REPUBLIKA.CO.ID, BAKU -- Presiden Turki Recep Tayyip Erdogan pada Kamis (10/12) mengatakan bahwa negaranya bisa membuka perbatasannya dengan Armenia, jika Yerevan mengambil langkah menuju perdamaian regional.
Berbicara pada konferensi pers bersama sejawatnya dari Azerbaijan Ilham Aliyev di Baku, Erdogan mengatakan pihaknya tidak memiliki masalah dengan rakyat Armenia.
"Kami tidak punya dendam terhadap rakyat Armenia. Masalahnya hanya ada pada pemerintahan Armenia. Lebih dari 100.000 orang etnis Armenia tinggal di negara saya," ujar Erdogan.

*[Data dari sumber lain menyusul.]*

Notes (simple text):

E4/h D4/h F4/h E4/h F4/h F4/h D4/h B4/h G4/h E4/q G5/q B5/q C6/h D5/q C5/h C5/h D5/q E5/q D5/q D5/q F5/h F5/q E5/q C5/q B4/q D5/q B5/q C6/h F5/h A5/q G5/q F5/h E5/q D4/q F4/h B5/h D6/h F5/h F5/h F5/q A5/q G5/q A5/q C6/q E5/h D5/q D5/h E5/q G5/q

Erdogan mengkritik OSCE Minsk Group karena gagal menyelesaikan masalah pendudukan wilayah Azerbaijan oleh Armenia hampir 30 tahun. Pada saat yang sama, Erdogan juga memuji peran Rusia dalam mengakhiri bentrokan perbatasan selama berminggu-minggu antara Azerbaijan dan Armenia.

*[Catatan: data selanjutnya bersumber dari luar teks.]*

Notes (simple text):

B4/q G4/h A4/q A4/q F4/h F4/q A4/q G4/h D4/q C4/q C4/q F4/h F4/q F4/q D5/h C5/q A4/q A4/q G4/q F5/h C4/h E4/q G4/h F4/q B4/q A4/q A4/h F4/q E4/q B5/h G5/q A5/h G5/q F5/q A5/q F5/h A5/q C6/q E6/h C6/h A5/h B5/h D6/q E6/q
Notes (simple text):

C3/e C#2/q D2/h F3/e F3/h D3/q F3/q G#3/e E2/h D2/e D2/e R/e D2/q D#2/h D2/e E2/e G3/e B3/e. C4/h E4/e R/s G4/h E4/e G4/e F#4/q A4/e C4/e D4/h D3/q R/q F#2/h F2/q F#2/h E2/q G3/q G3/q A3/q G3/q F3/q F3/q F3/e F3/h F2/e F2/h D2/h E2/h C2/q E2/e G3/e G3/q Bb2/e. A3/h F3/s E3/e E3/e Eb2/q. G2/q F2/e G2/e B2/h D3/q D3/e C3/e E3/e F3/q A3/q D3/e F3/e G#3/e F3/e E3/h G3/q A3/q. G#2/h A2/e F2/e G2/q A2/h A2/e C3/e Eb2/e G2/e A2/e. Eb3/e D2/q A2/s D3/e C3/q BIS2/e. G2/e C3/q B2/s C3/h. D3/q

Dia juga menyesali resolusi Majelis Nasional Prancis yang mengakui Nagorno-Karabakh sebagai republik terpisah.
"Bahkan (Perdana Menteri Armenia Nikol) Pashinyan tidak menerimanya," singgung Presiden Turki, seraya menambahkan bahwa Presiden Prancis Emmanuel Macron "belum belajar politik."
Dia mengatakan Prancis terus-menerus mencoba mengontak Aliyev selama bentrokan dan juga menghubungi Turki, tetapi Ankara tidak mengangkat panggilan telepon tersebut.
Erdogan melanjutkan dengan mengatakan bahwa pemerintahan Azerbaijan akan mencapai era kemajuan di Karabakh dalam tiga hingga lima tahun mendatang.
Dia mengatakan gagasan untuk mendirikan blok regional enam negara adalah sesuatu yang juga disukai Rusia.
"Rusia, Turki, Azerbaijan, Iran, Georgia .... Armenia juga dapat dimasukkan dalam platform ini," tutur dia.
'Turki berikan contoh keberanian'
Sementara itu, Aliyev berterima kasih kepada Turki atas dukungannya selama perang dengan Armenia. Dia menambahkan bahwa kedua negara memiliki hubungan yang begitu dekat dan bersahabat.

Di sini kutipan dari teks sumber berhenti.